The general rule is that, in mixed models, “nesting”
is not a separate statistical concept—it is only a syntactic shortcut.
What matters is the definition of the grouping factors, which in this
example are school and school:class. Random
coefficients (whatever they are) are computed across the groups defined
by these two variables.
Here things get ugly: Let us consider one of the classic multilevel design: pupils within classes within schools. In this design we have two clustering variables: class and school. In multilevel terminology, pupils are level 0, classes are level 1 with pupils nested within classes, and schools are level 2 with classes nested within schools. To be practical, let us assume we want a sample with 10 schools, each with 6 classes, and each class (on average) with 12 pupils.
First, we set the model:
y~1*1+1*x+(1*1|school/class)
Then we specify that we have 10 schools, each with 6 classes, and each class has 12 observations (pupils).

The generated data look similar to the cross-classified data:
row y x school class
1 0.456717064 -1.017673137 1 1
2 -1.495551991 0.694440645 1 1
3 -0.480543438 0.194002872 1 1
4 0.293003240 -0.116523555 1 1
5 -1.702547420 -1.203825265 1 1
6 1.014035495 0.461345298 1 1
7 -0.415440850 -0.585482460 1 1
8 -1.524924282 0.544323536 1 1
9 -0.106578314 -0.196693360 1 1
10 -0.035543818 -2.741920747 1 1
11 0.229491601 0.170131727 1 1
12 -1.909614050 -1.159812029 1 1
13 1.190966855 -0.356247480 1 2
14 -2.028748115 0.489991721 1 2
15 -1.079830560 1.315918615 1 2
16 0.099924682 -0.330729467 1 2
17 -0.075449795 -2.424778270 1 2
....
However, the estimated model is different as compared with the
cross-classified design. If one looks at the
Clusters parameters table, one finds that the clusters are
now school and school:class, which is exactly
how the model specification expands.

In terms of cluster size, we obtain the results we intended. Let’s check if the setup is correct: each school has 6 classes with 12 pupils, so within each school there are 72 observations. Within each class nested in school there are 12 pupils. But how many observations we’ll have in the sample? Well, 720, because we have 72 observations per school and we have 10 school (\(72 \cdot 10=720\)), or , equivalently, 60 classes with 12 pupils (\(60 \cdot 12=720\)).

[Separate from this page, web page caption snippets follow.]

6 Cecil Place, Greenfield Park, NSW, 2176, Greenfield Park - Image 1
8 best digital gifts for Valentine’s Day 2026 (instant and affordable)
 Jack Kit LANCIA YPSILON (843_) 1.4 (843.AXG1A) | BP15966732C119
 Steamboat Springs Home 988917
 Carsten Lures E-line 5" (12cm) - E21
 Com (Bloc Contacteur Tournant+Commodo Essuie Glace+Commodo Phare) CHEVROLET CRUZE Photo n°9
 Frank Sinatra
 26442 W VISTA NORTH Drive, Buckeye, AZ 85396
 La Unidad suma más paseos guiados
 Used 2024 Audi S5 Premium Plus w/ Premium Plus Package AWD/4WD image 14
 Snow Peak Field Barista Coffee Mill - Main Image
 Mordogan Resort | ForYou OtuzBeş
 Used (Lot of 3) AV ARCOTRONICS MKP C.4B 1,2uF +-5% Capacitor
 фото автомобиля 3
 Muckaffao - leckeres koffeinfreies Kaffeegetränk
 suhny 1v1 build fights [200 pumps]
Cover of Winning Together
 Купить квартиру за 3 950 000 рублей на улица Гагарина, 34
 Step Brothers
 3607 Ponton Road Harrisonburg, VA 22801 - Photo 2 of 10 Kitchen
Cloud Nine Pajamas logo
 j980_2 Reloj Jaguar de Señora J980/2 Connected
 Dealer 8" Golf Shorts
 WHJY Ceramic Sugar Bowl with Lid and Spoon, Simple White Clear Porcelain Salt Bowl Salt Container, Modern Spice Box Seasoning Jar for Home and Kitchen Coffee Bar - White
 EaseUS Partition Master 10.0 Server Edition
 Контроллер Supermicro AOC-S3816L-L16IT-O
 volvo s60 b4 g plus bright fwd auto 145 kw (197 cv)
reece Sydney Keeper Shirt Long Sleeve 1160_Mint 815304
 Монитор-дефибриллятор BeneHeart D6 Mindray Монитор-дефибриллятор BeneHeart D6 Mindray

So, the data are ok.
Apparently nested desings
(Here things remain ugly, and computation gets very slow)
A good rule of thumb in mixed models is that when you are in
doubt about how the clustering variables are related, they are probably
not nested. The second rule is that if nesting (i.e
|cluster1/cluster2) does not come intuitively, things get
clearer if one explicitly thinks in terms of combinations of clusters
levels. The third rule of thumbs is: clusters defined in different
blocks ((1|cluster) being a block) are
cross-classified.
Consider the following design. We have 10 labs (LAB) (or any number you like), each lab conducts an experiment with with 20 participants (PID), each responding to 15 stimuli (SID). Thus, apparently we have a cross-classified experiment nested within labs. What this design actually means is that each level of labs has all 20 X 15 observations corresponding to the cross-classified clustering we have seen above. Thus, we do not have nesting at all, but simply a 3-way classification. Assume the experiment involves a dichotomous factor (cond) with two levels, repeated within-participants. That is, each participant respond to the 15 stimuli in two different conditions.
Now we have to think carefully: we have 10 unique labs, so each labs
requires a random intercept: (1|LAB). Than we have 20
participants for each lab, and each participant is uniquely identified
by being in a particular lab (participant 1 in lab 1 is different than
participant 1 in lab 2): (1|LAB:PID). Stimuli, however, are
not different across labs, because each lab uses the same stimuli. Thus,
we need one random intercept for each stimulus (SID), and they are not
identified by being in a particular labs. Thus: (1|SID)
To set it up, we simply need to specify 3 clustering variable, LABS, PID and SID and their variances in the model.
y~1*1+1*cond+(1*1|LAB)+(1*1|LAB:PID)+(1*1|SID)
Now we focus on clusters size. We have 10 labs, each labs is
“measured” once (there is only one experiment per lab). Thus
# Cluster levels=10 and N per cluster=1. We
have 20 participants, each participant sees the stimuli 2 times (one per
condition), so we have # Cluster levels=20 and
N per cluster=2. Finally, we have 15 stimuli, each stimulus
has one replication (one version), so # Cluster levels=15
and N per cluster=1.

This is the resulting sample structure (first rows of the generated dataset):

`…
It is clear that each lab has all PID (here not visible) and each
participants sees each stimuli twice, in cond=1 and cond=2. To
appreciate the full sample characteristics we can look at the
Clusters structure table:

Each participant, identified by the combination LAB:PID
has 30 observations, because it sees 15 stimuli twice. Each stimulus is
seen by 20 participant twice in 10 labs, so each stimulus has 400
observations. Within each lab, however, the experiment implies \(20 \cdot 15\) observations, so each lab has
600 observations. Finally, the 600 observations per lab, summed across
10 labs, yields 6000 observations in total.
Understanding the output design
In all the examples above we set the clusters parameters
(# Cluster Levels (k) and N per cluster (n))
because we focused on understanding how the different parameters yild a
given sample structure. Let’s try now to change the aim of the analysis
to aim:N and Find: Number of cluster levels.
For simplicity, let us assume that we are looking for the minimum number
of labs (LAB) required to obtain a power of at least .90. To
replicate the simulations, let set the Residual
Variance parameter to 500 and use raw approximation
as the finding algorithm.
Running the analysis with these parameters, one obtain (with a small
variability) a Cluster Levels (k) equal to 9. So, given all
the other parameters, we need 9 labs to get at least a power of .90.
Let’s see what the structure of the data is.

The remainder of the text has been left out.